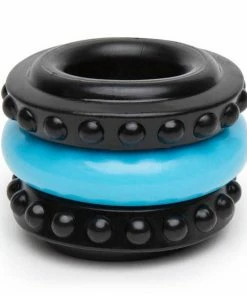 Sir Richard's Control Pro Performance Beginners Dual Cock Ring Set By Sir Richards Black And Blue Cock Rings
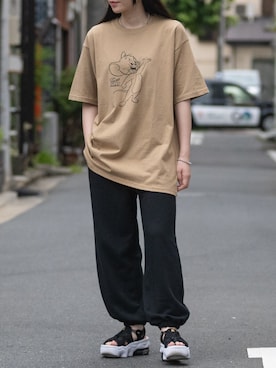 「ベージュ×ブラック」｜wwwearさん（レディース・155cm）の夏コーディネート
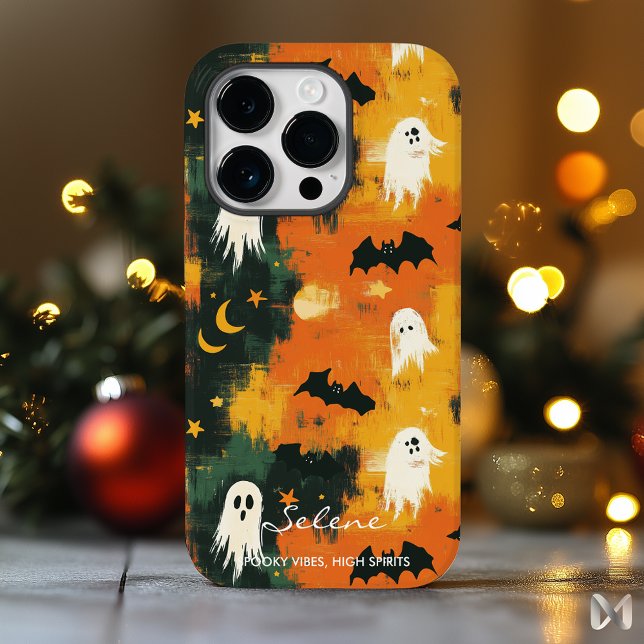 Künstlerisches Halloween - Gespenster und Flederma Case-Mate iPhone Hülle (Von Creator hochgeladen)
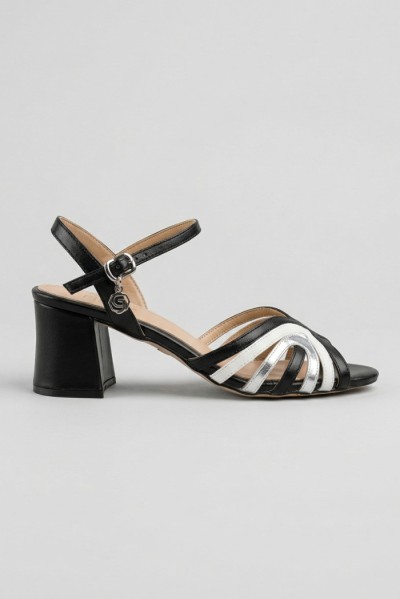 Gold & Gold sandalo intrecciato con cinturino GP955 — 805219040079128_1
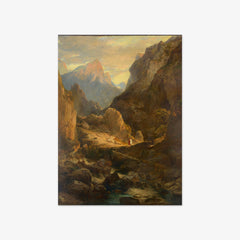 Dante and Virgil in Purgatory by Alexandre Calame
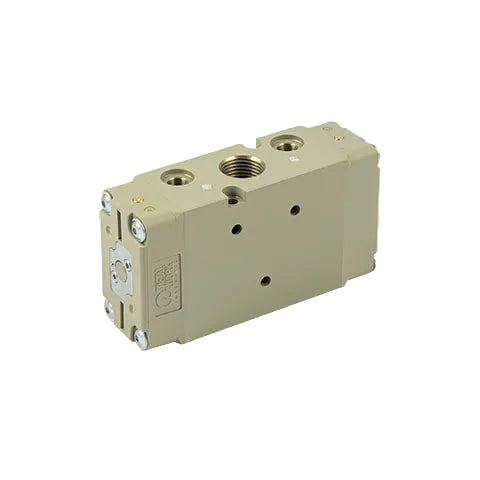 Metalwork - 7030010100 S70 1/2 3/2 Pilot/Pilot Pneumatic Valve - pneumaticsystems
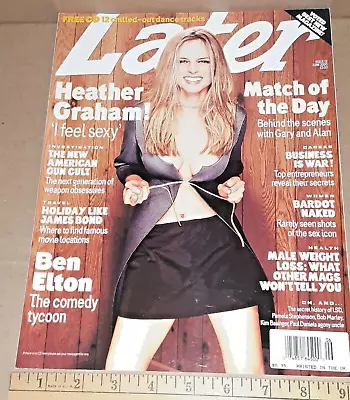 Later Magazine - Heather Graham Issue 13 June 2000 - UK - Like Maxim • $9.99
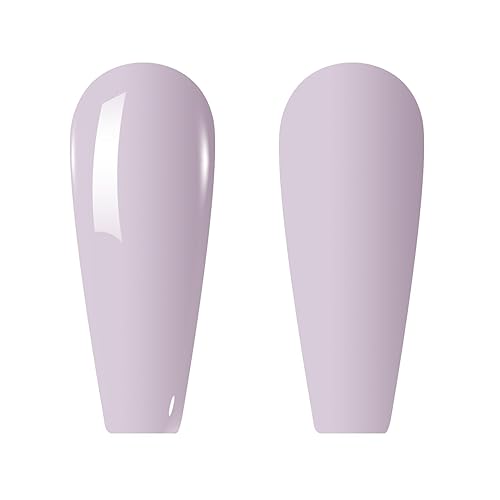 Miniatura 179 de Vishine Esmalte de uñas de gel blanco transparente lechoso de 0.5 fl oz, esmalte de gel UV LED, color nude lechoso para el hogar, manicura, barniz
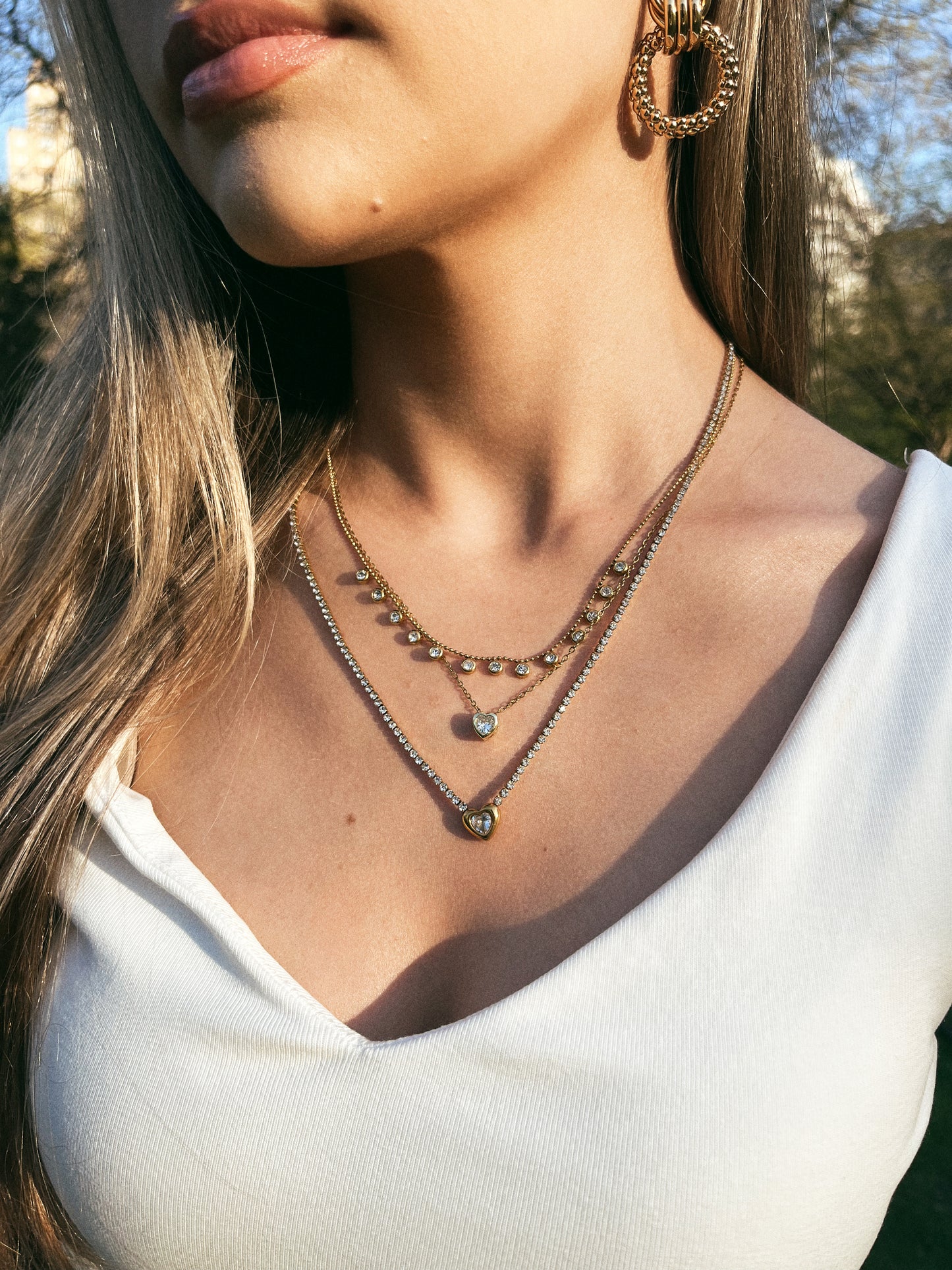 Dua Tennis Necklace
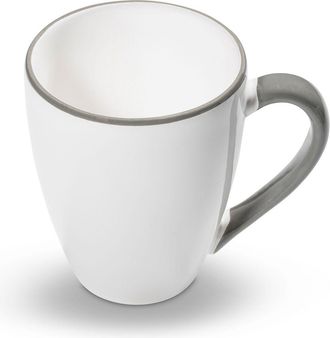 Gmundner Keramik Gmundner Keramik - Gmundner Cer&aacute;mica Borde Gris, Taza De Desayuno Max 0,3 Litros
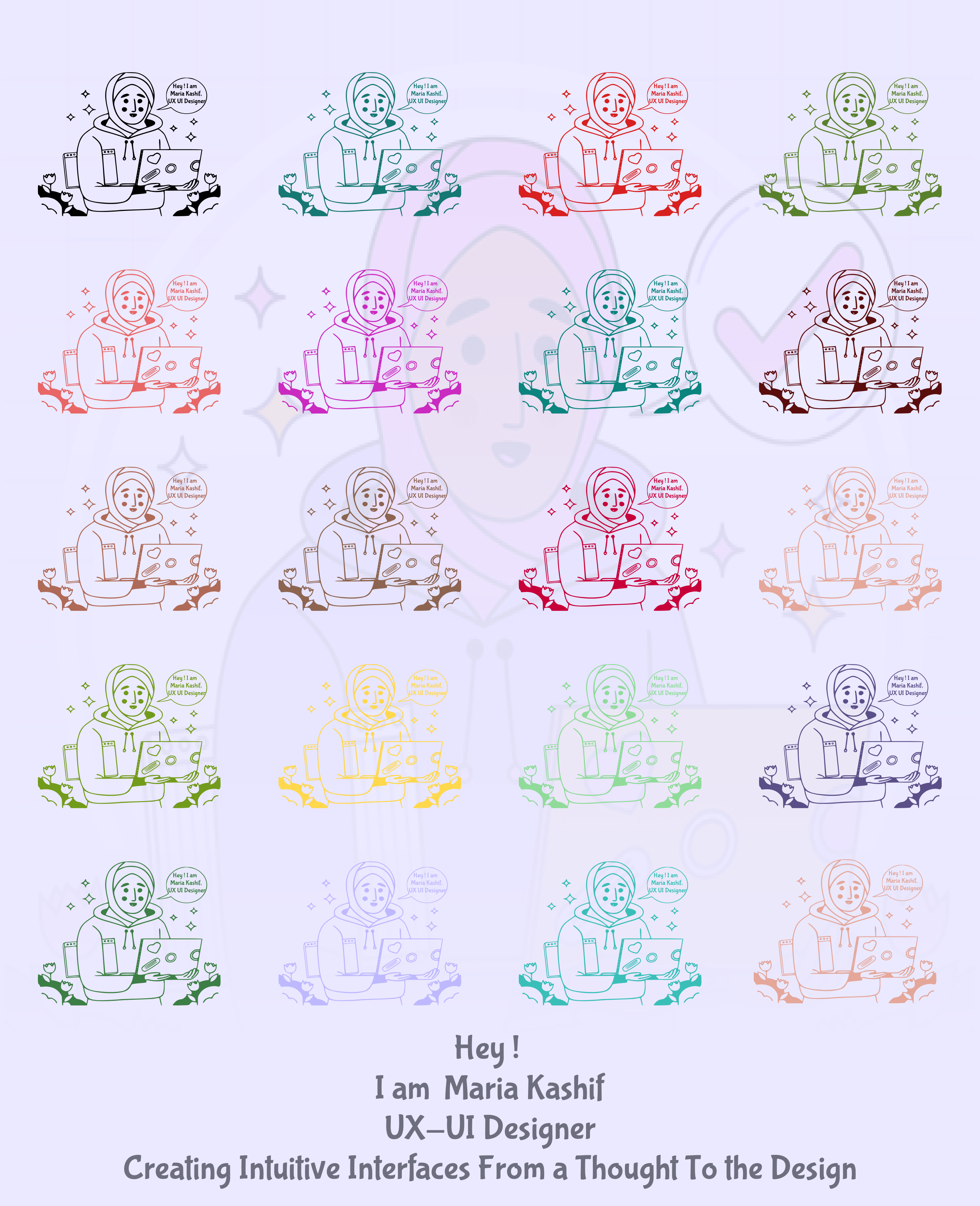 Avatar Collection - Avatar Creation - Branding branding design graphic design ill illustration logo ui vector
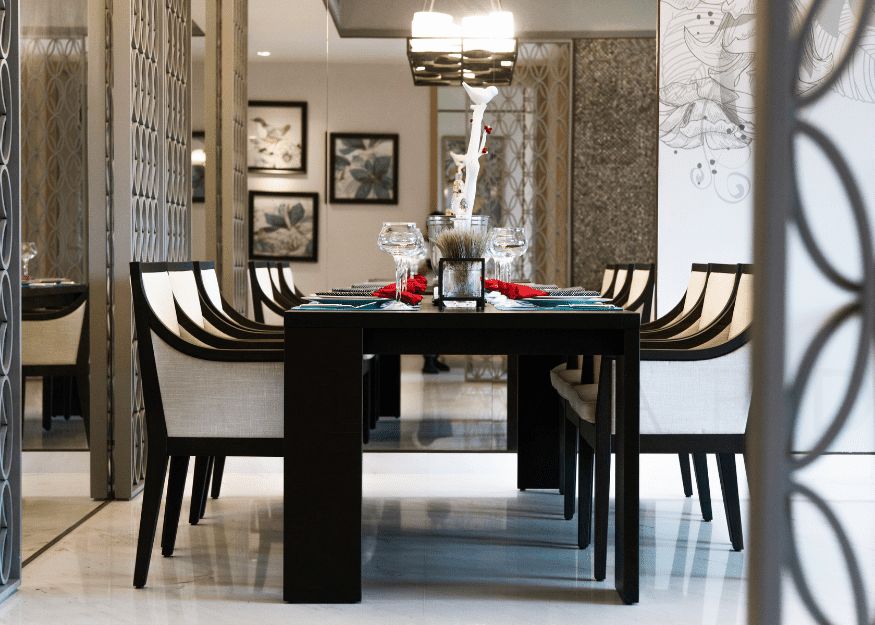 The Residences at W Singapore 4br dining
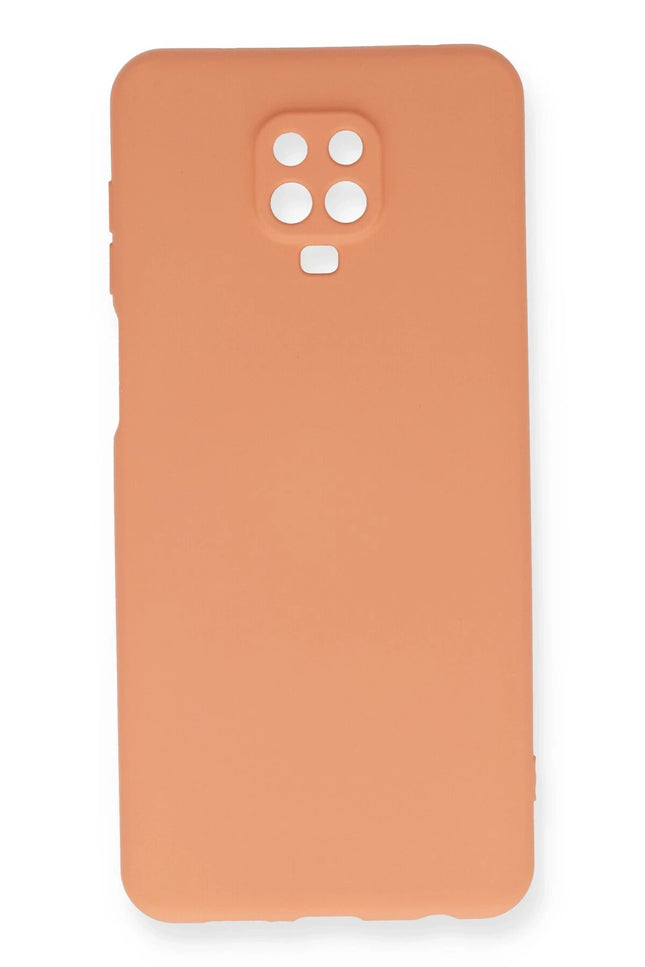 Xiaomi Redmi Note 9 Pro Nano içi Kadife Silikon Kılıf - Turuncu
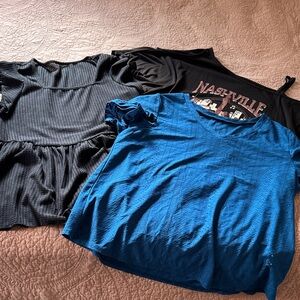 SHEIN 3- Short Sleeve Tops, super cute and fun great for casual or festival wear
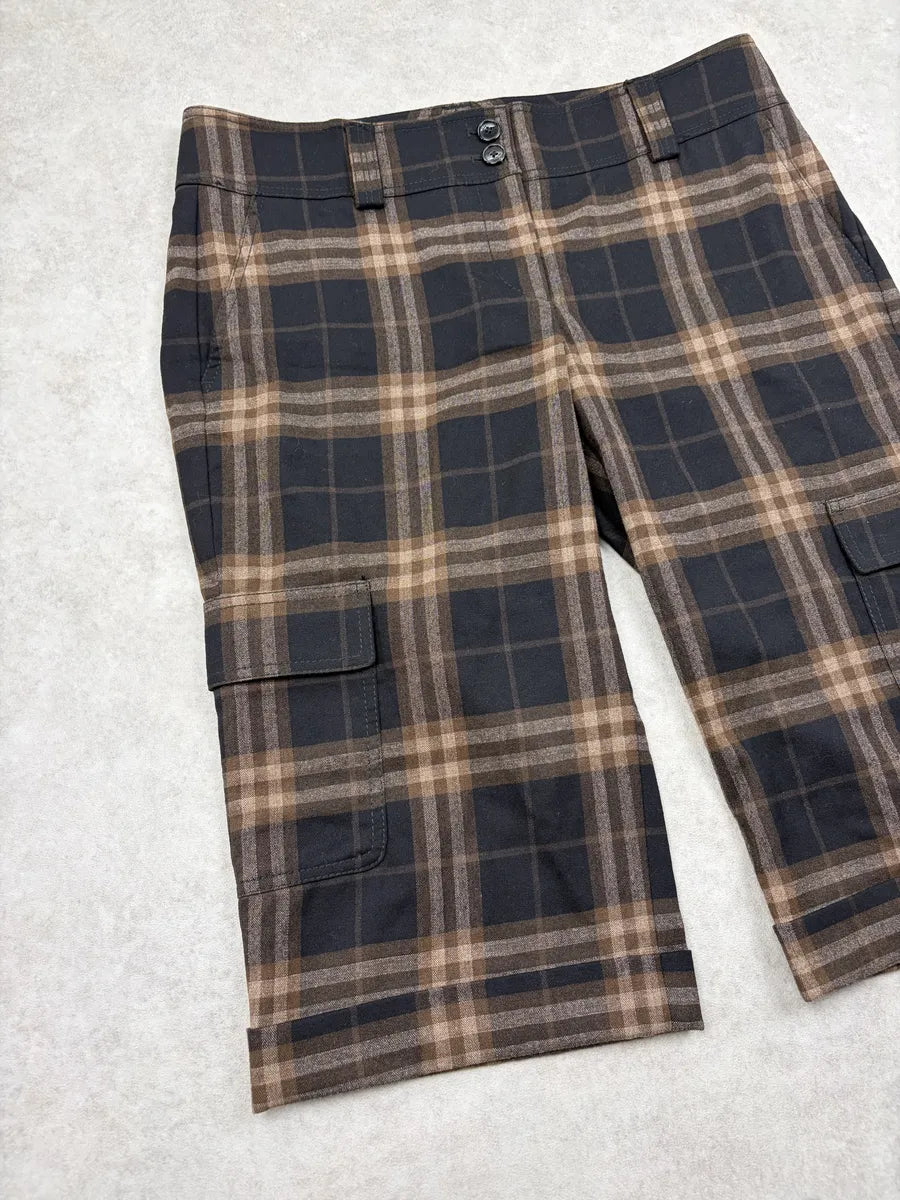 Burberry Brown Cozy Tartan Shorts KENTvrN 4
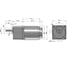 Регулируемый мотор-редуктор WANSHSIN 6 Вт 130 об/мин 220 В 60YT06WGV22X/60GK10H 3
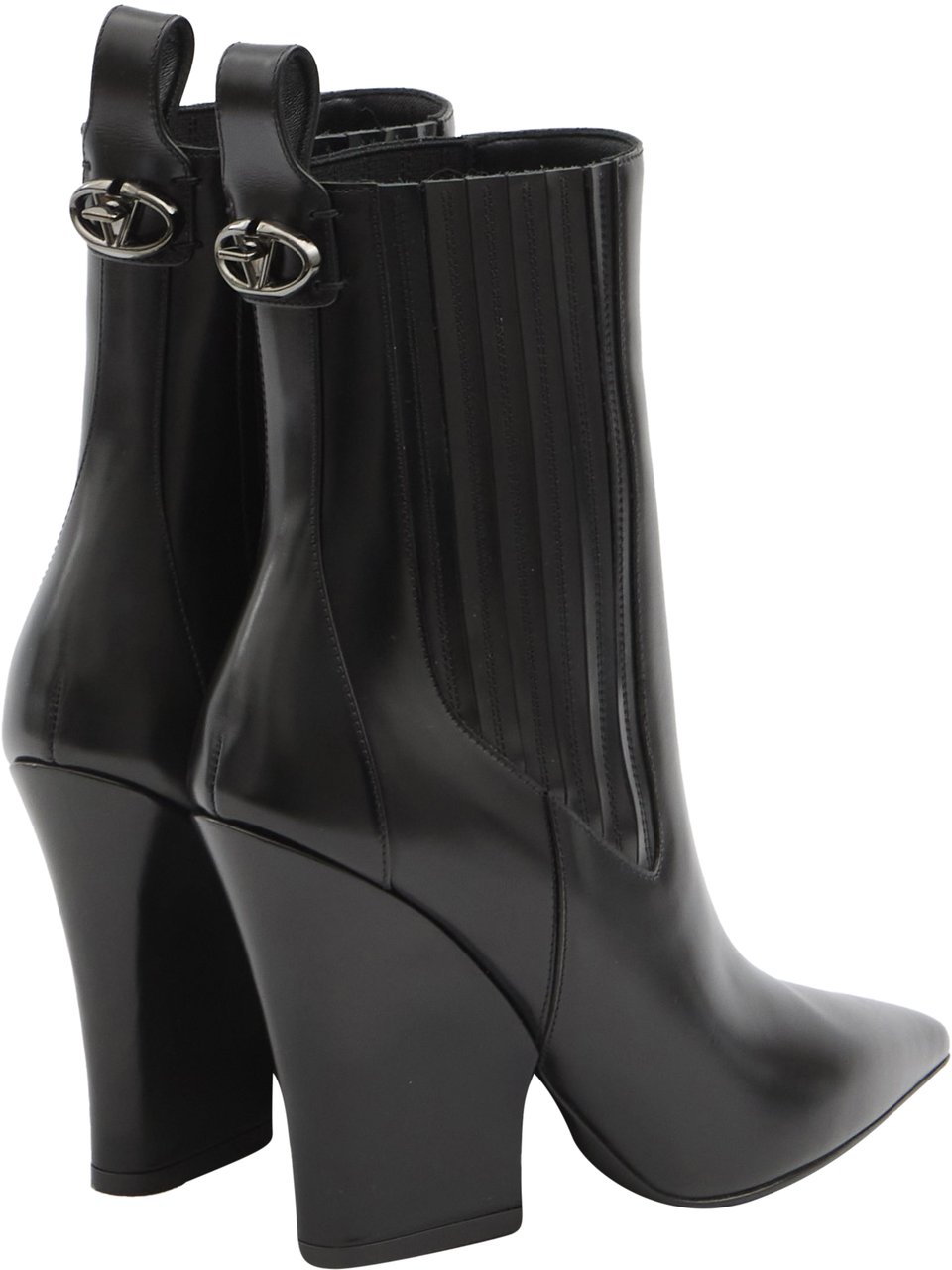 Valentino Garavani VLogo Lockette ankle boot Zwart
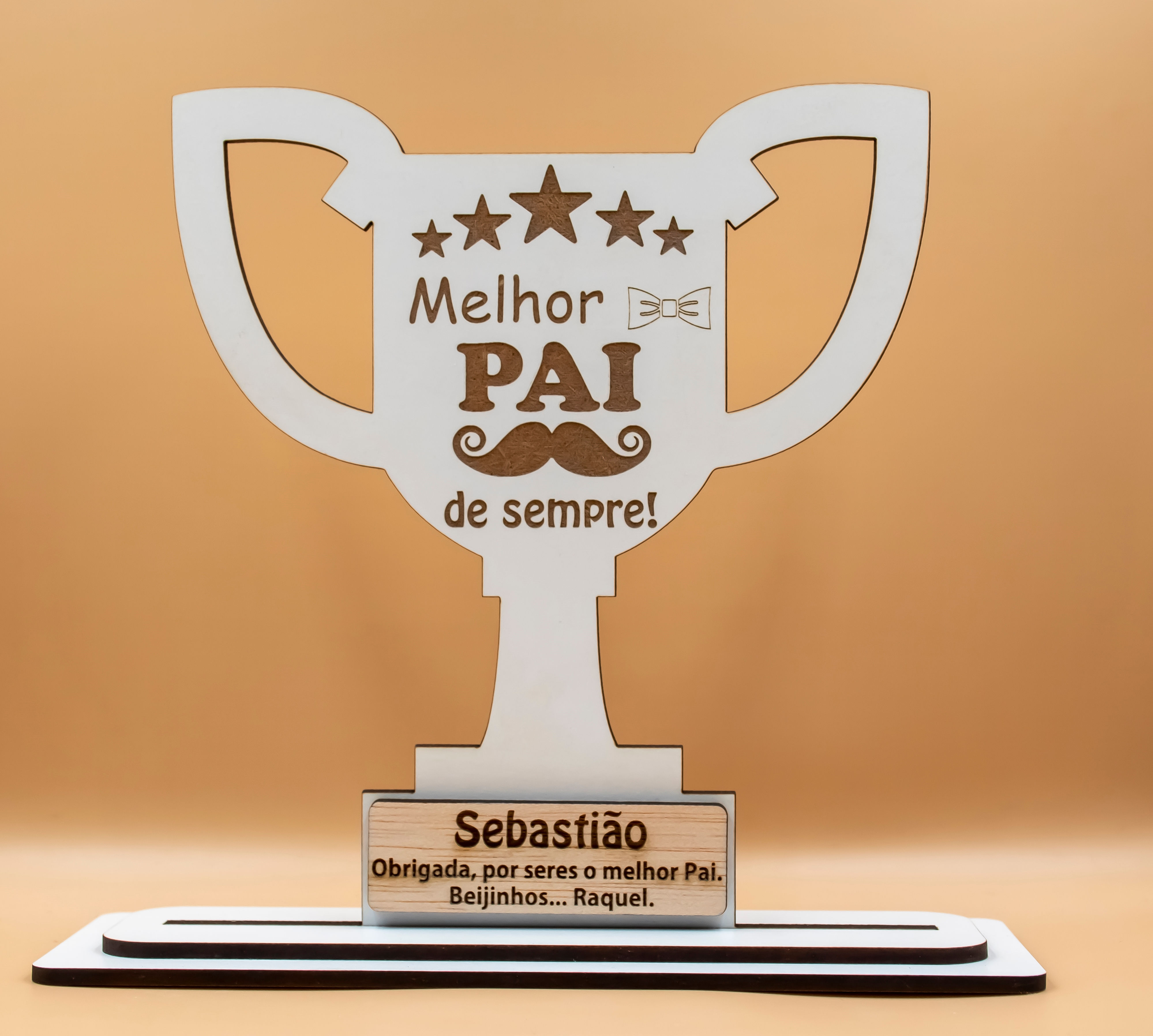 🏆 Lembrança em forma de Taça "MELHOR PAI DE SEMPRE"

> **Description of the task**: Produce an exact copy of the lines from the line containing "SHEIN 3- Short" through the last line of the records, with no pictures and no other text.

> **Reply to the task**:
 SHEIN 3- Short Sleeve Tops, super cute and fun great for casual or festival wear
 Burberry Brown Cozy Tartan Shorts KENTvrN 4
 Регулируемый мотор-редуктор WANSHSIN 6 Вт 130 об/мин 220 В 60YT06WGV22X/60GK10H 3
 Valentino Garavani VLogo Lockette ankle boot Zwart
 🏆 Lembrança em forma de Taça "MELHOR PAI DE SEMPRE"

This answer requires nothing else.